Avec notre correspondante à Christchurch, Emma Garboud-Lorenzoni
L’obtention de ce « visa doré » ne nécessite plus de maîtriser l’anglais. La durée de séjour obligatoire a été réduite, tout comme le seuil minimum d’investissement, fixé à 5 millions de dollars néo-zélandais.
Une offre presque sur mesure, conçue par des avocats spécialisés dans l’accompagnement d’investisseurs fortunés à la recherche d’un refuge. Mark Williams, l’un d’eux, explique : « En cas d’instabilité politique dans tel ou tel pays, le nombre de candidatures augmente : les Américains notamment sont préoccupés par la situation dans leur pays, les Européens aussi, en raison de la guerre en Ukraine. La Nouvelle-Zélande est très isolée, et aujourd’hui, c’est considéré comme un atout ! »

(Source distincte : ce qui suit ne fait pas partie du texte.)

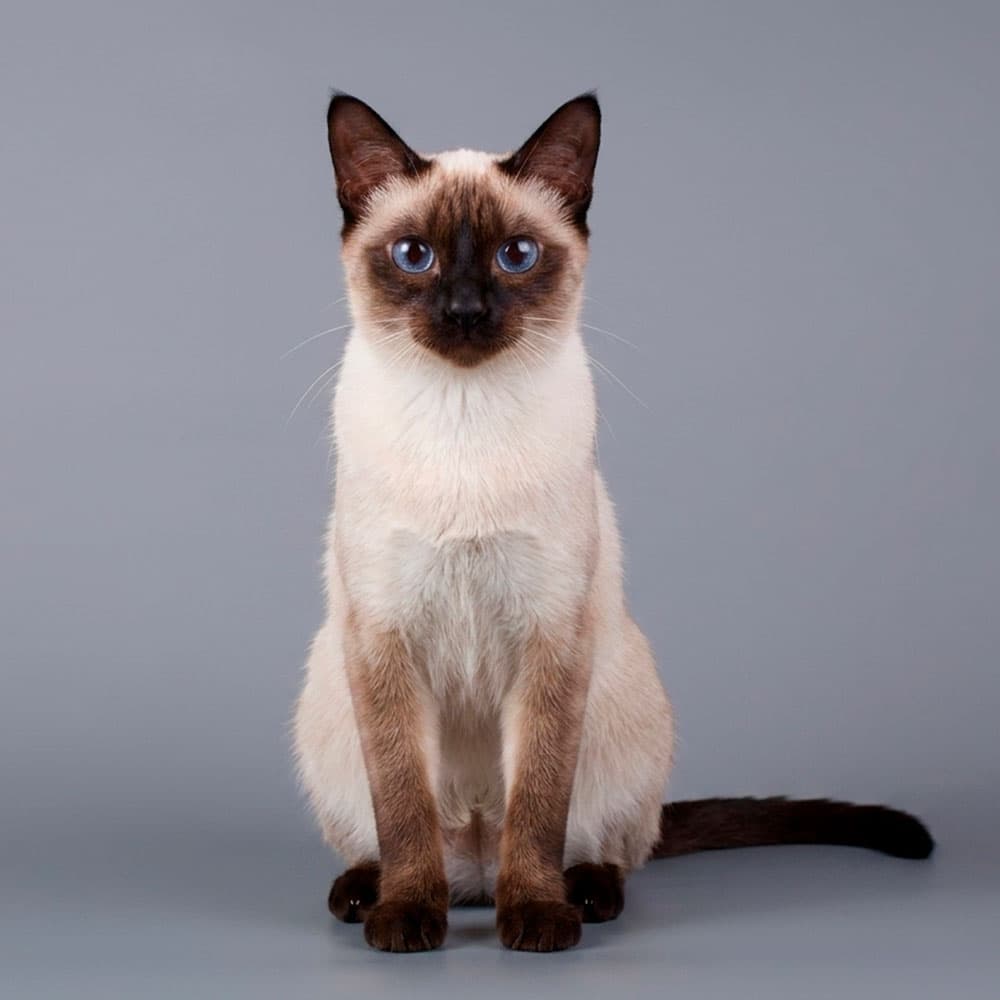 SIAMESE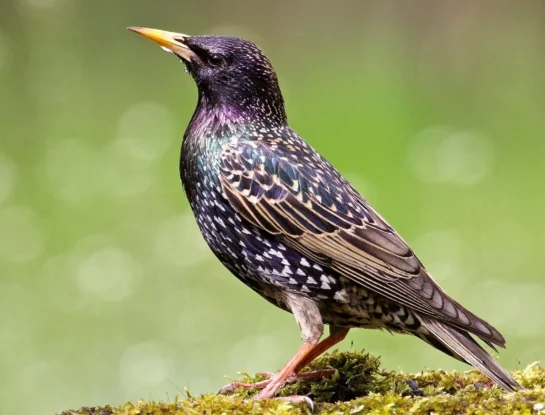 Estornino pinto: la colorida, sociable y pequeña ave euroasiática que se convirtió una especie invasora en Argentina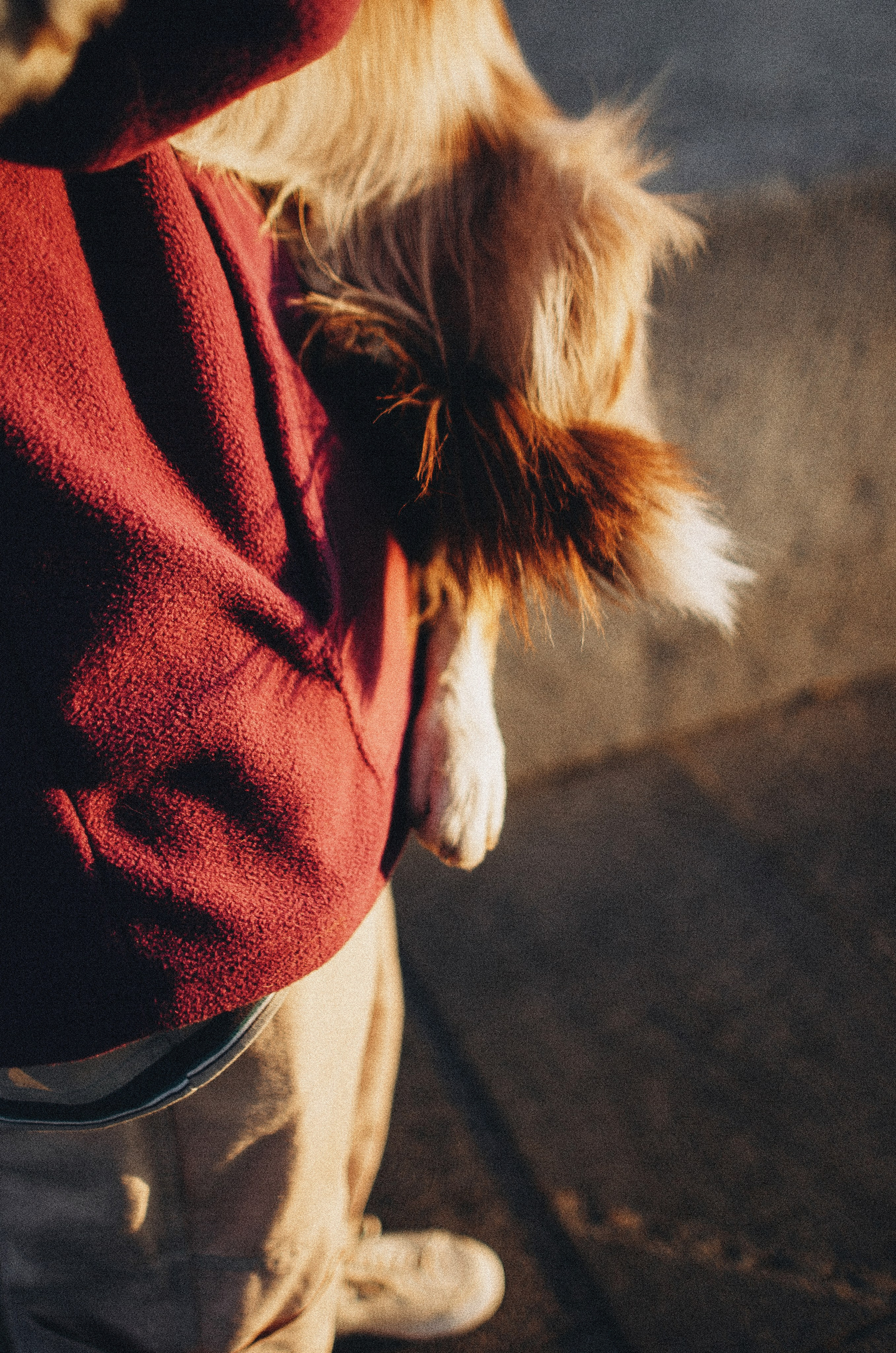 Аня и Дэймон. Фотограф-анималист Богданова Полина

Un système « capitaliste » qui « ressemble beaucoup à la colonisation »
Si le gouvernement néo-zélandais présente ces investissements comme une bénédiction pour l’économie locale, des membres de la communauté maorie comme Lucy se méfient : « Je crains une mauvaise répartition des richesses. Nous ne pourrons jamais atteindre le même niveau de réussite financière que ceux qui arrivent avec une fortune déjà faite. Ce système capitaliste dans lequel nous vivons ressemble beaucoup à la colonisation. »
Alors que les détenteurs du « visa doré » obtiennent un droit de résidence à vie en Nouvelle-Zélande, un nombre record de locaux quittent parallèlement le pays, bien souvent pour l’Australie, à la recherche de salaires plus élevés.